Data Mining of Next Generation Sequences To Discover New Viruses And Viral Strains In Grapevine

Accurate genome assembly from short sequencing reads is critical for downstream analysis, for example allowing investigation of viral variants within a sequenced population. However, assembling sequencing data from virus samples into genome sequence is challenging.  This is due mainly to the virome in vegetatively propagated plant crops such as grapevine is highly complex, often comprising a large number of different viruses and viral strains.  These challenges are compounded in the assembly of genomes of plant viruses because many viruses and viral strains co-infect the same plant.  As a result, these co-infections often lead to recombination (artificial or natural).  The proposed research involves the analysis of deep sequencing data (Illumina) obtained in our laboratory.  The goal of this project is to optimize parameters for genome assembly in order to accurately assemble draft genomes of genetic variants of viruses that exist in a sample.  The student may also take on the development of an algorithm to detect recombination in the genome sequences assembled in our laboratory or those already published by others.

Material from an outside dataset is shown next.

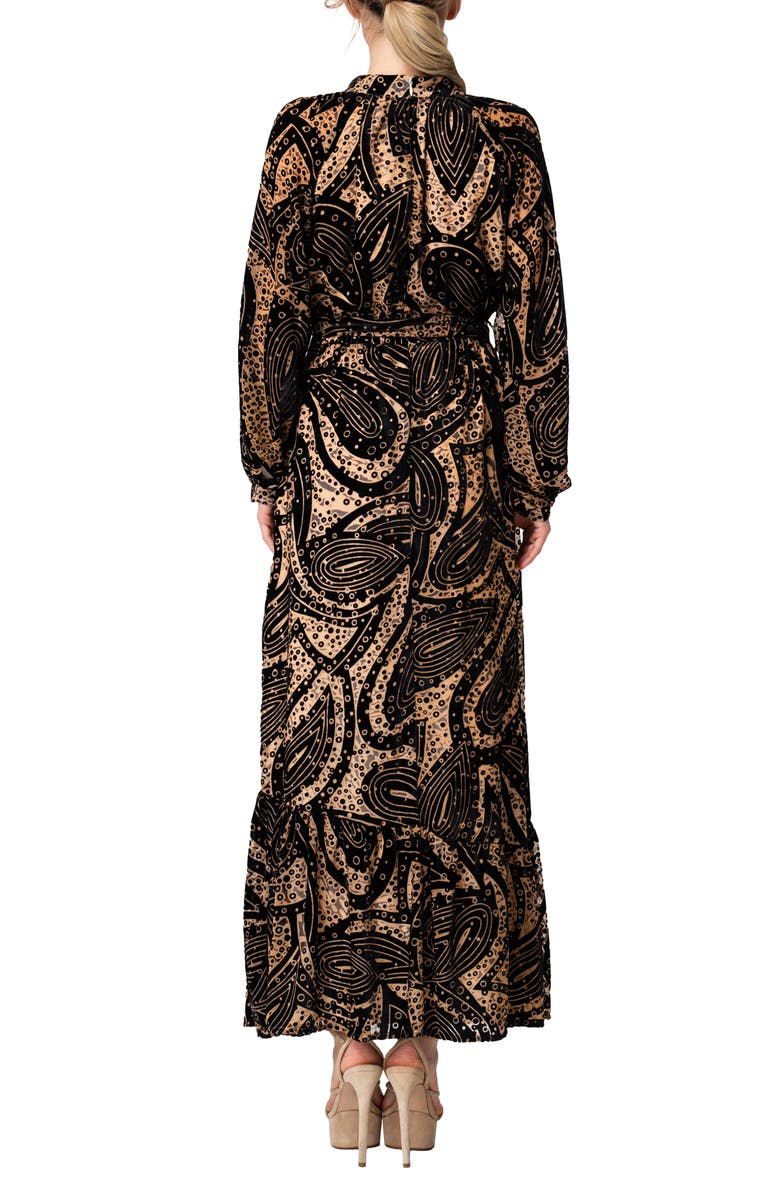 CIEBON Aria Tie Belt Long Sleeve Burnout Faux Wrap Velvet Dress, Alternate, color, Black Multi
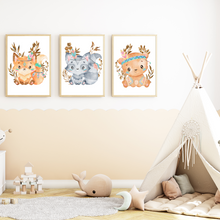 Laden Sie das Bild in den Galerie-Viewer, Niedliche Indianer Tiere 3er Set DIN A4 Kinderzimmer Wandbilder Babyzimmer Poster Dekoration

This project will include the following objectives:

  1. Data mining to discovery novel viruses and new strains of known viruses from short read lengths obtained from NGS using Illumina technologies.
  2. Development of reliable systems for the accurate genome assembly of multiple viral variants that exist in a single plant sample.
  3. Identification and validation of potential recombinants and sites of recombination from already assembled viral genomes through use of different algorithms developed by others or to be developed in this project.